🤖 AI Summary
Prior work lacks systematic comparison of large language models (LLMs) versus conventional machine translation (MT) systems for medical consultation summarization across morphologically diverse languages—specifically English-to-Arabic, Chinese, and Vietnamese—with explicit distinction between patient-friendly and clinician-oriented texts.
Method: We evaluated state-of-the-art open-source and commercial LLMs (e.g., Llama, Qwen) alongside statistical and neural MT systems (e.g., Google Translate, DeepL, OpenNMT) using standard automatic metrics (BLEU, METEOR) on domain-specific medical summaries.

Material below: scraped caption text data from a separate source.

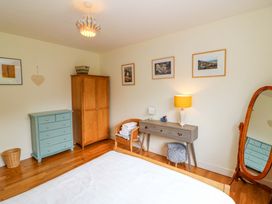 A bedroom with a bed and furniture at Rowantree, Beaufort, County Kerry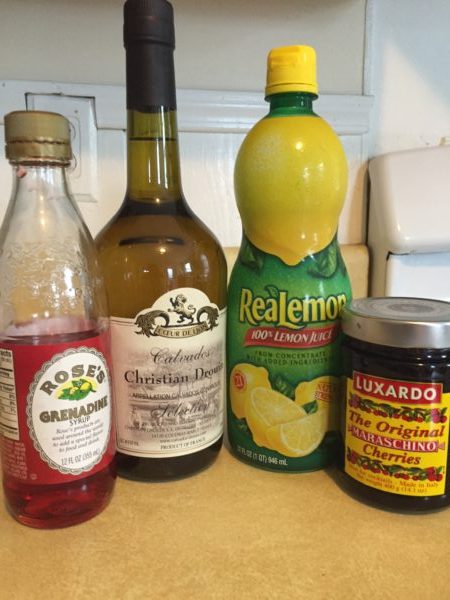 Ingredients for a Kingsbane cocktail: grenadine, lemon, maraschino cherries and calvados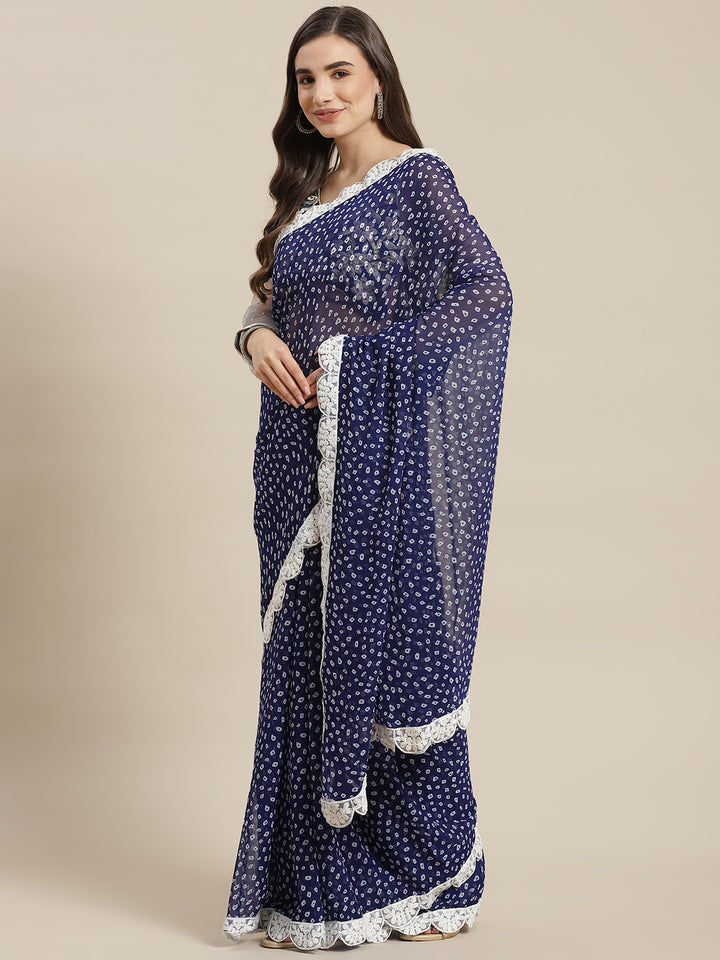 Chhabra 555 Indigo Bandhani Print Georgette Saree with Embroidered Scalloped Border & Belt

Color: Indigo Blue

Type: Bandhani Sarees

Pattern: Embroidered

Pattern Type: Bandhani

Ornamentation: Embroidered

Border: Embroidered

Fabric: Georgette

Saree length: 5.40 mtr., Width: 1.10 mtr, Blouse length: 0.80 mtr
Dry Clean Only

The CAD image gives a detailed look of the actual blouse piece that comes with this saree. The blouse used by the model in the pictures is only for styling purpose.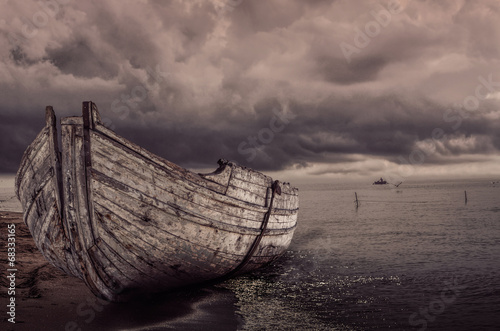 Fototapeta Naklejka Na Ścianę i Meble -  Alone Boat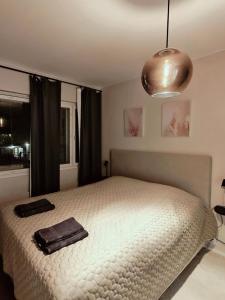 Ένα ή περισσότερα κρεβάτια σε δωμάτιο στο PirkkaNest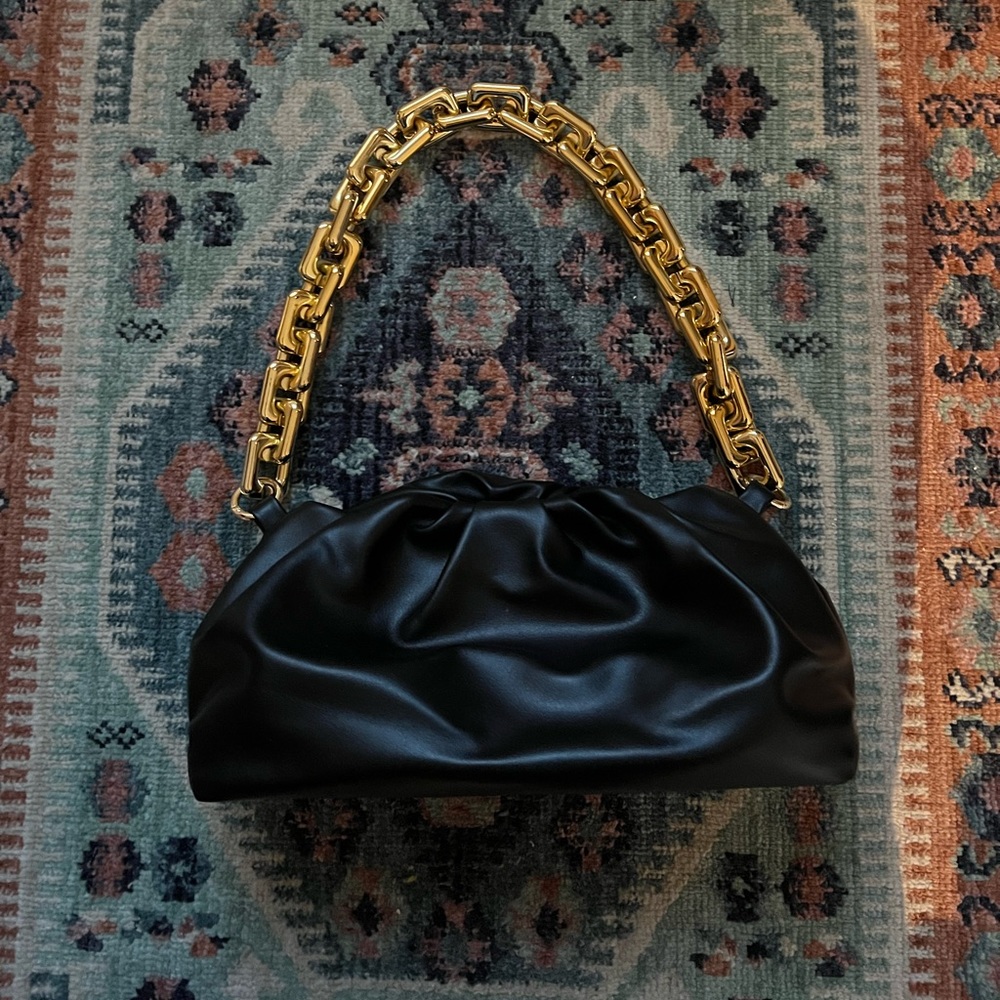 black puff purse with plastic chain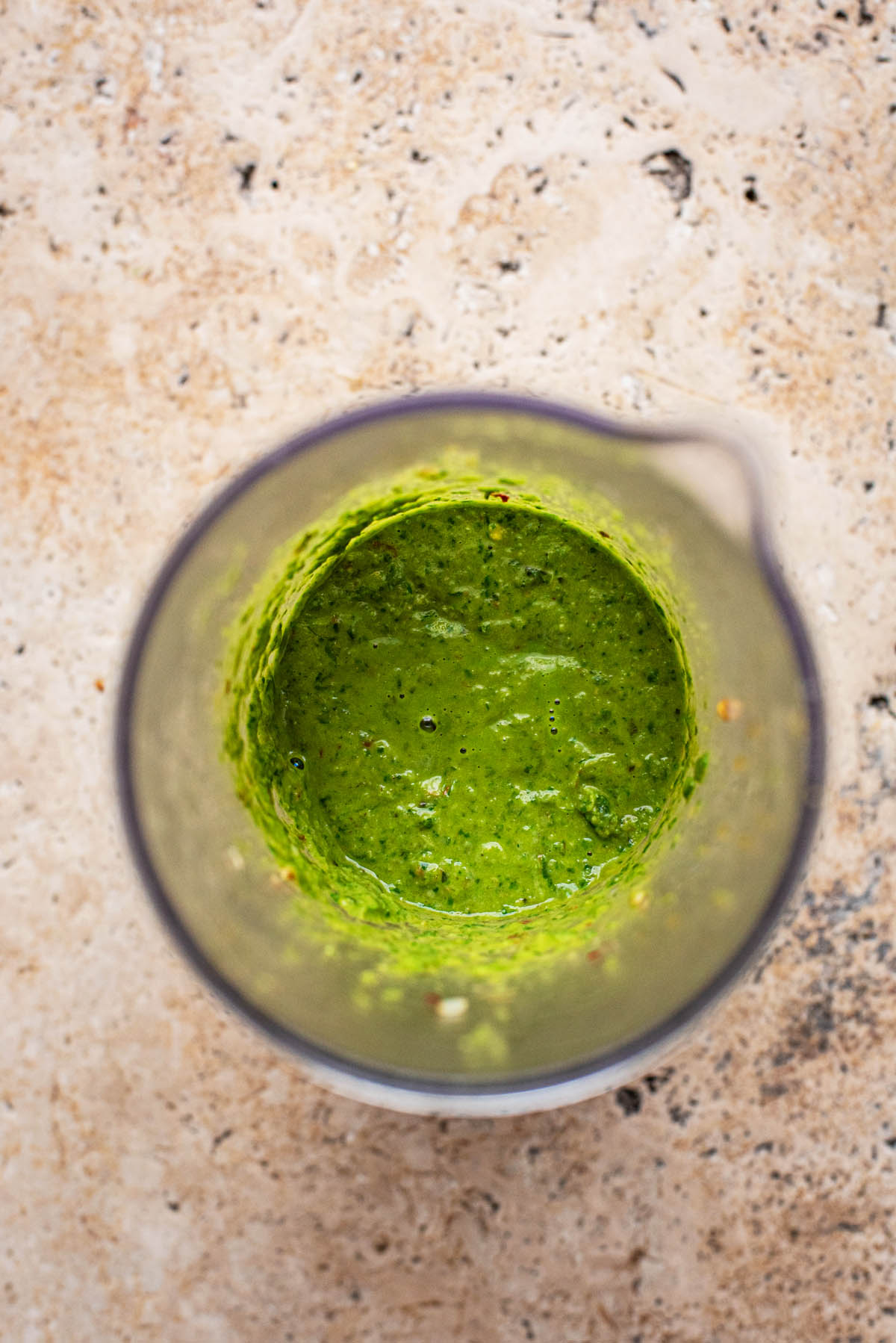 Green pasta sauce in a blending container.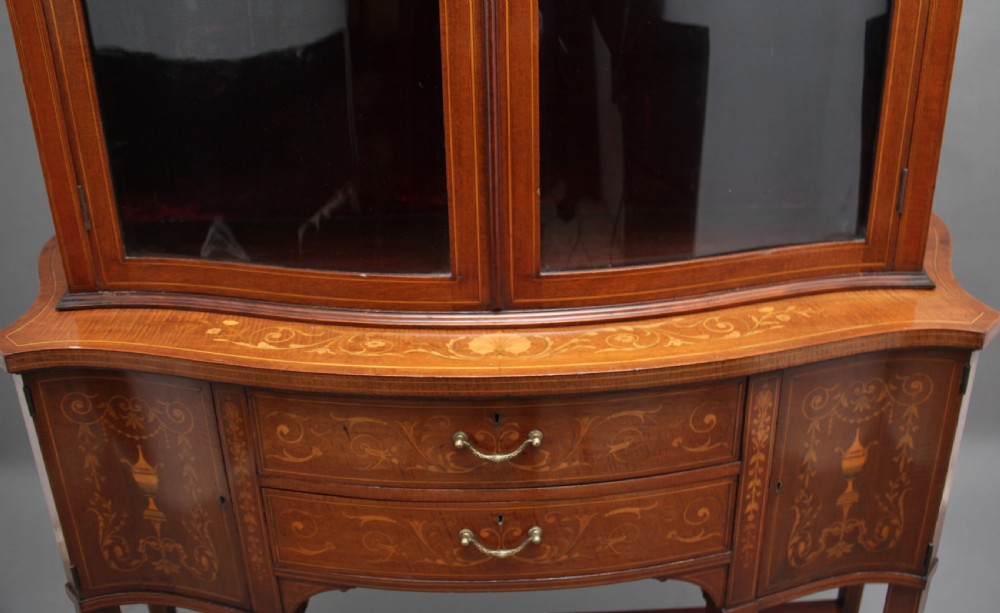 A late 19th-century bow-fronted mahogany display cabinet featuring glazed doors, satinwood marquetry inlay, slender square legs, and an undertier. View XVI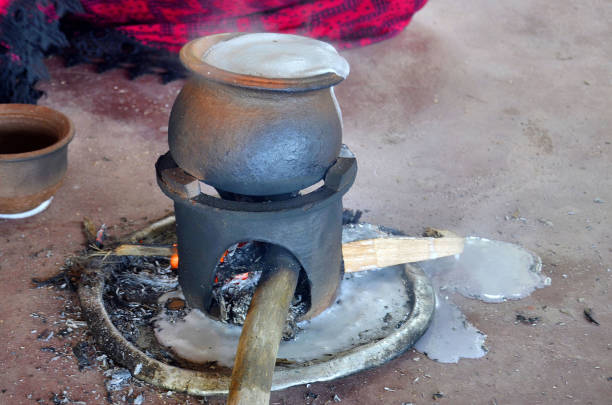 Tangalle, Sri Lanka - April 14, 2018: Buddhists and Hindus of Sri Lanka celebrate Avurudu, New Year's Day, by boiling milk in a new earthen pot and allowing it to boil over to bring prosperity.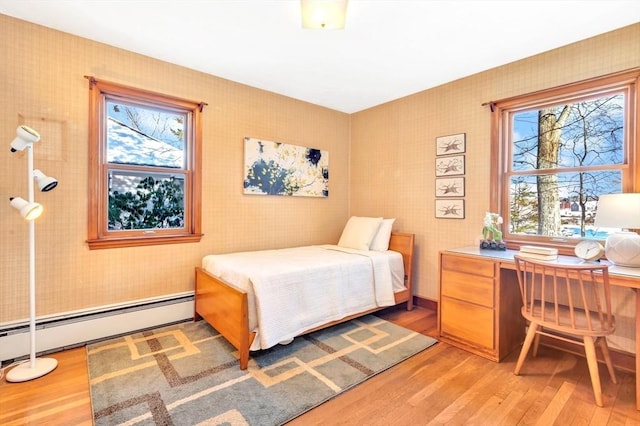 bedroom featuring baseboard heating, wood finished floors, and wallpapered walls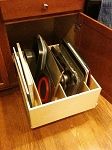 an open drawer with scissors and other tools in it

Contribution/Results: Conventional MT outperformed LLMs overall—especially on morphologically complex, terminology-dense clinical text—though LLMs approached MT quality on simplified Vietnamese and Chinese summaries and unexpectedly surpassed baselines in Arabic. Critically, all automated methods failed to ensure clinical accuracy. The study reveals nonlinear interactions between linguistic morphology, text type, and translation performance, and exposes fundamental limitations of generic evaluation metrics in capturing clinical relevance—underscoring the necessity of human expert validation and domain-specific fine-tuning.
📝 Abstract
This study evaluates how well large language models (LLMs) and traditional machine translation (MT) tools translate medical consultation summaries from English into Arabic, Chinese, and Vietnamese. It assesses both patient, friendly and clinician, focused texts using standard automated metrics. Results showed that traditional MT tools generally performed better, especially for complex texts, while LLMs showed promise, particularly in Vietnamese and Chinese, when translating simpler summaries. Arabic translations improved with complexity due to the language's morphology. Overall, while LLMs offer contextual flexibility, they remain inconsistent, and current evaluation metrics fail to capture clinical relevance. The study highlights the need for domain-specific training, improved evaluation methods, and human oversight in medical translation.